● **Problem requirements**
Within the entries below, please retype exactly the lines starting with the line that has "Белый Мерседес Sprinter, объемом" and going on through the line that has "Imagem 3: ![CDATA[CASA NO CENTRO 2 ]]", but not the pictures.

● **Dataset excerpts**
Segment Open

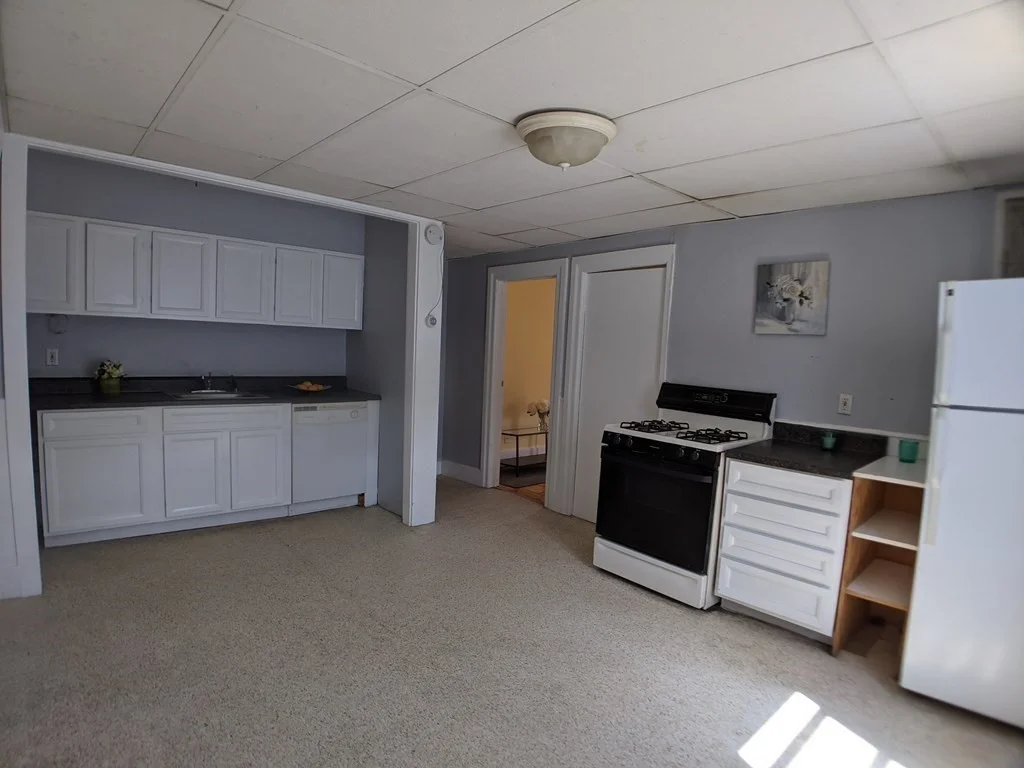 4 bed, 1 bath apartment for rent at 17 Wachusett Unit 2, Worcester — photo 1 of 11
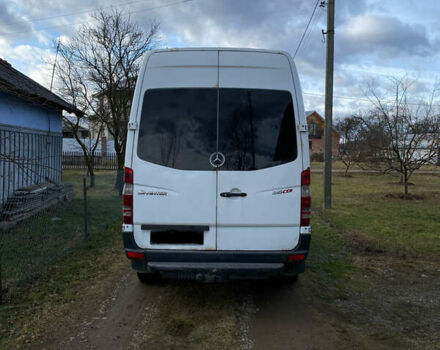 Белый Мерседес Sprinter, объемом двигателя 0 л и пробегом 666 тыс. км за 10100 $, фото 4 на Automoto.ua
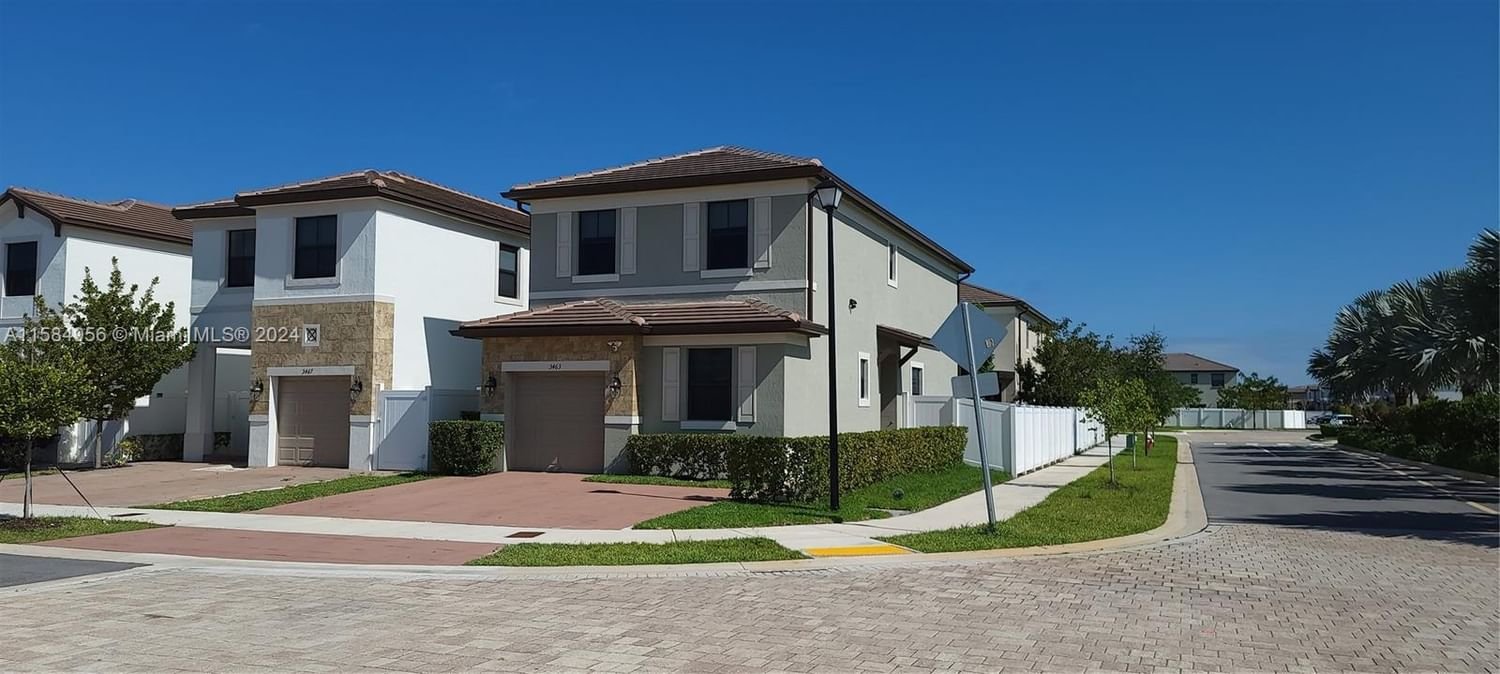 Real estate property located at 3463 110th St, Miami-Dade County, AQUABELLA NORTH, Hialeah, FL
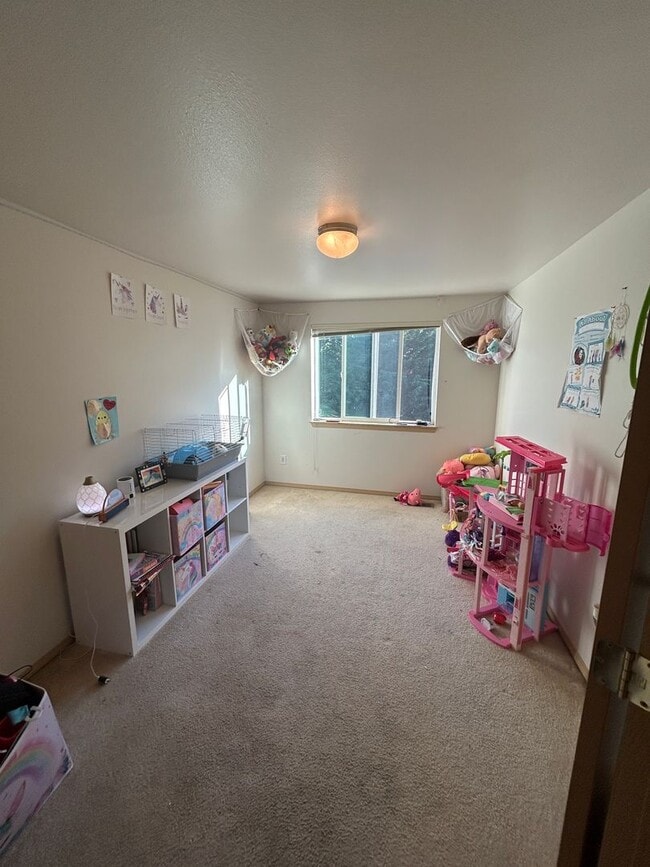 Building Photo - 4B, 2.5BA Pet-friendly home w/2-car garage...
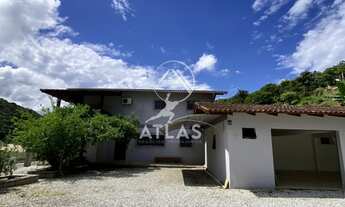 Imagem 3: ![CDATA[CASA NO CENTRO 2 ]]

Segment Closed
Segment Open

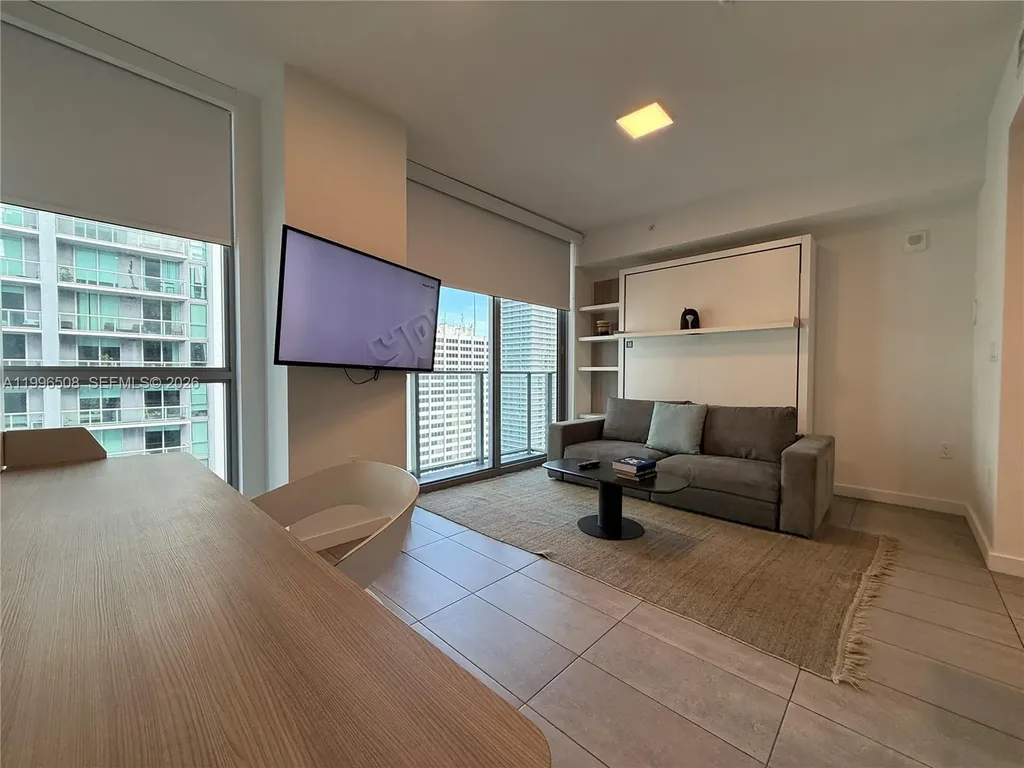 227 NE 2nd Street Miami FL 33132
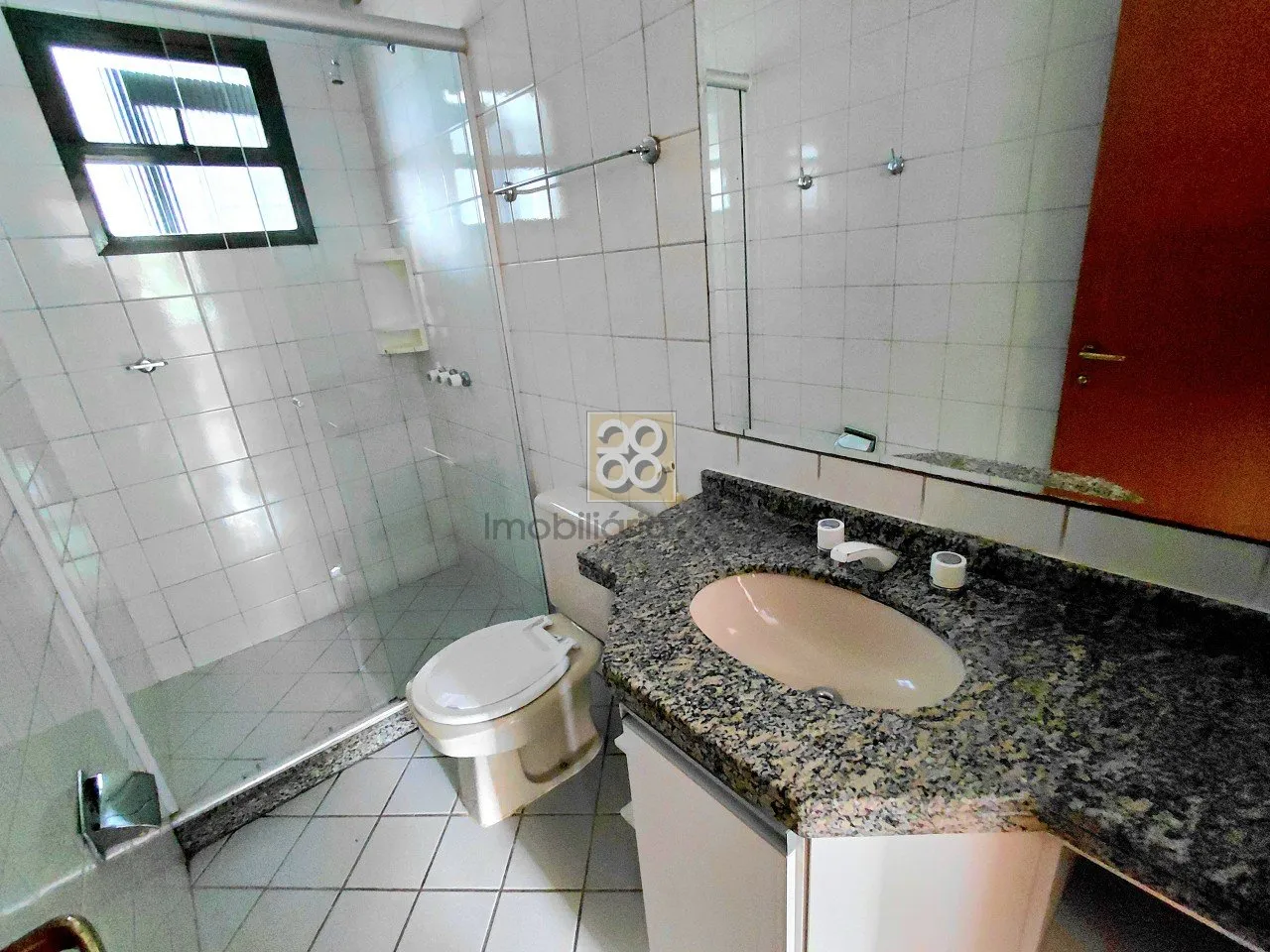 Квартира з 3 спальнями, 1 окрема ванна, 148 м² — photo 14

Segment Closed

● **Solution for this task**
 Белый Мерседес Sprinter, объемом двигателя 0 л и пробегом 666 тыс. км за 10100 $, фото 4 на Automoto.ua
 Real estate property located at 3463 110th St, Miami-Dade County, AQUABELLA NORTH, Hialeah, FL
 Building Photo - 4B, 2.5BA Pet-friendly home w/2-car garage...
 Imagem 3: ![CDATA[CASA NO CENTRO 2 ]]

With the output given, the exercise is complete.